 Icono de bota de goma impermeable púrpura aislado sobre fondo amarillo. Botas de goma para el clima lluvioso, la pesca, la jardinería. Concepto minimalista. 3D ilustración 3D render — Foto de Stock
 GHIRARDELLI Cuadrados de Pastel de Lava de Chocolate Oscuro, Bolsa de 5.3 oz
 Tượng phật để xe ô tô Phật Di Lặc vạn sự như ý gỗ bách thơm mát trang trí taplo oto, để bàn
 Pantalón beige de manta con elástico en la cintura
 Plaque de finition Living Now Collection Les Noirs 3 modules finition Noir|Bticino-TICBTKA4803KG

○ ○ ○

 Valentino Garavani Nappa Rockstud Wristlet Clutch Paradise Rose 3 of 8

○ ○ ○

- Brief:
Using the data above, print exactly the lines from the line that contains "Tượng phật để" through the line that contains "Plaque de finition", with both included.

- Problem solution:
 Tượng phật để xe ô tô Phật Di Lặc vạn sự như ý gỗ bách thơm mát trang trí taplo oto, để bàn
 Pantalón beige de manta con elástico en la cintura
 Plaque de finition Living Now Collection Les Noirs 3 modules finition Noir|Bticino-TICBTKA4803KG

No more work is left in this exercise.